You could say it's "just a notational convenience", and it's true, but it's also true of every other mathematical object that people have ever defined. Convenience is the whole reason for definitions in mathematics.

And I do not see what else you would like to use instead for multivariate functions.

One common notation for the derivative with respect to x is: "D_x f". Another common notation is f'_x. Any notation will do as long as it doesn't involve manipulating objects that have not been defined before.

I'd be more accepting of the df/dx notation if everybody was clear that it's just a funny notation and not an actual ratio of two objects. Unfortunately, they aren't. For instance, they start writing shit like df = x dx. This immediately leads to errors, for instance, it's not true that df/dt = df/dx * dx/dt when f is a function of two variables x and y, which are both in turn a function of t. Thoroughly confusing and unnecessary nonsense.

[Rancid]

In physics the imaginary part is of no interest in the end result! Never.

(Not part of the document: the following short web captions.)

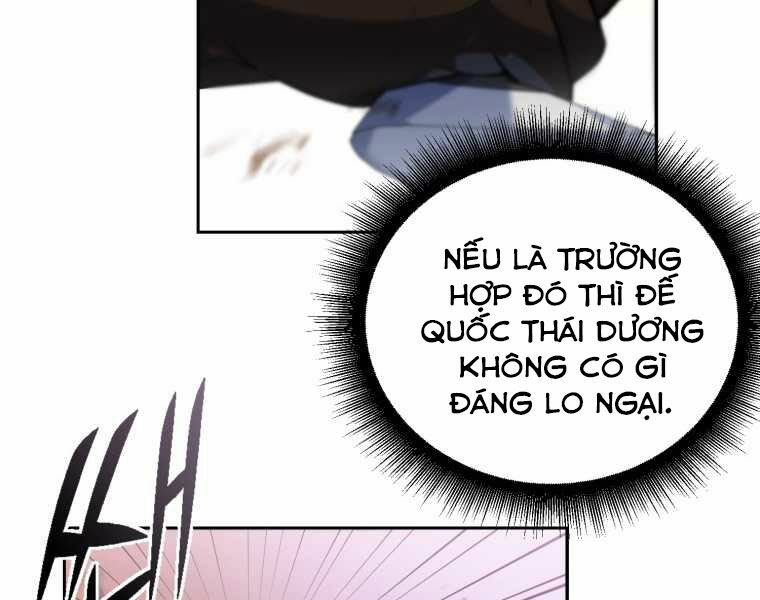 Thăng hạng từ đỉnh cấp: Chapter 10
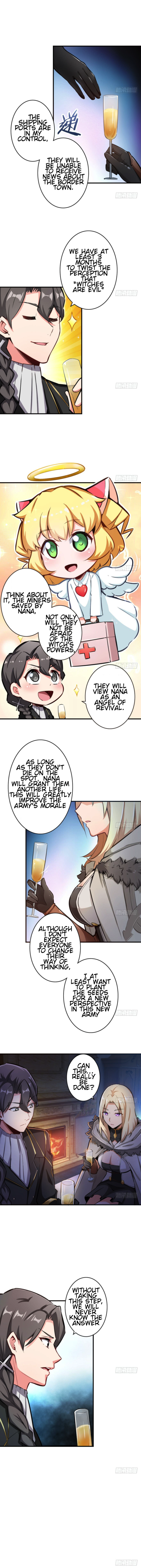 Page 4 of Chapter 35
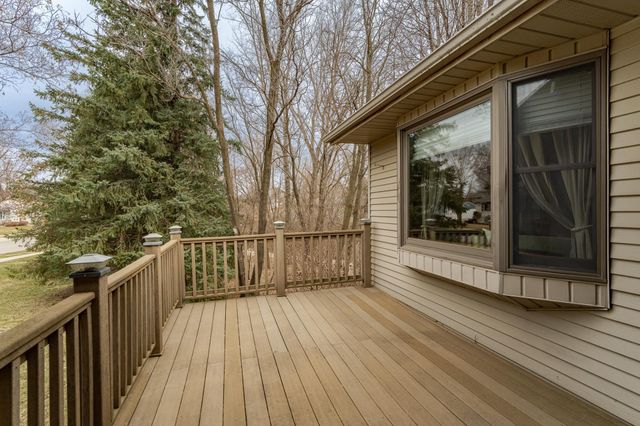 3716 9th Avenue SW, Rochester, MN 55902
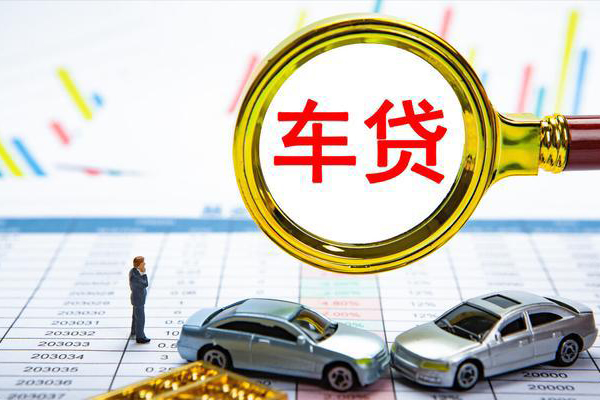 成都水钱空放先息后本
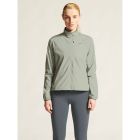 Essence Wind Jacket 2 3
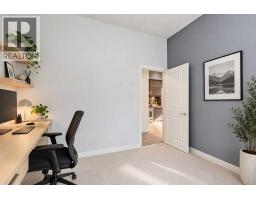 1, 1911 28 Street Sw, Calgary, AB T3E2H1 Photo 20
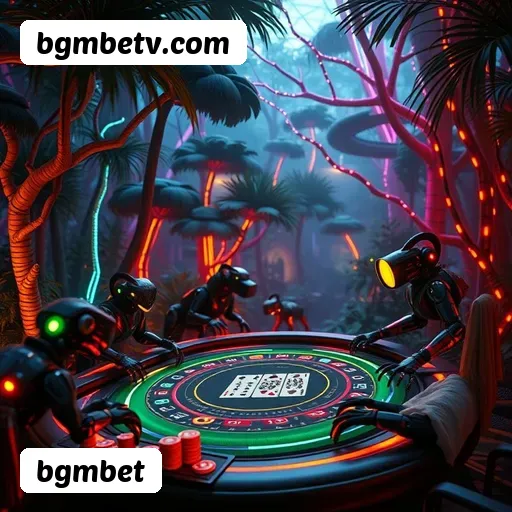 Vantagens exclusivas bgmbet para jogadores brasileiros - São Paulo, Rio, BH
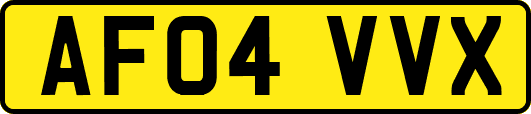 AF04VVX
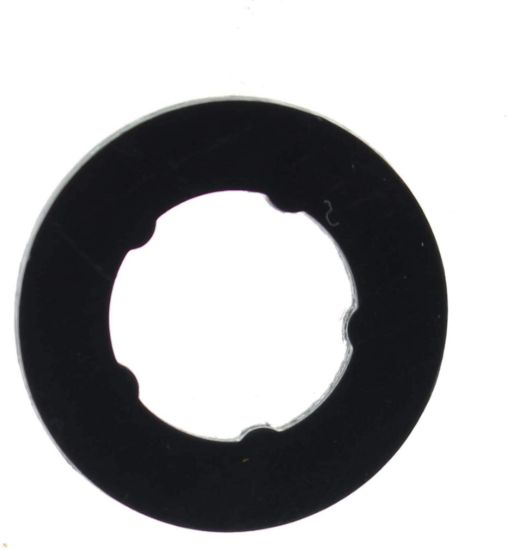 EMP SEAL  CRANKCASE OIL DRAIN - 1010109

Hence why "imaginary" is a very fitting name: it has no physical importance.

In signal processing, the imaginary component of say an IIR filter is very important and most certainly has physical importance.....

Or rather, if it weren't important or needed, we wouldn't use it.

[Harmattan]

Actually, complex numbers are central to quantum mechanics. The Schrödinger's equation is a differential equation over complex functions, there is a factor of i in it.

And it could be rewritten to not use complex numbers. For example the Schrodinger equation could be split into two real equations a wave function should obey.

Real numbers are physical observables: they quantify proportionality. Complex numbers are not observables. At best you can observe their magnitude and phase, two independent real properties that could be used to describe a real wave or a complex wave.

I'd be more accepting of the df/dx notation if everybody was clear that it's just a funny notation and not an actual ratio of two objects. Unfortunately, they aren't. For instance, they start writing shit like df = x dx. This immediately leads to errors, for instance, it's not true that df/dt = df/dx * dx/dt when f is a function of two variables x and y, which are both in turn a function of t. Thoroughly confusing and unnecessary nonsense.

But those are ratios and what you did is actually legit. And if you choose dx such as dx = x(t + dt) - x(t), as one should expect, then the result is what is naively expected.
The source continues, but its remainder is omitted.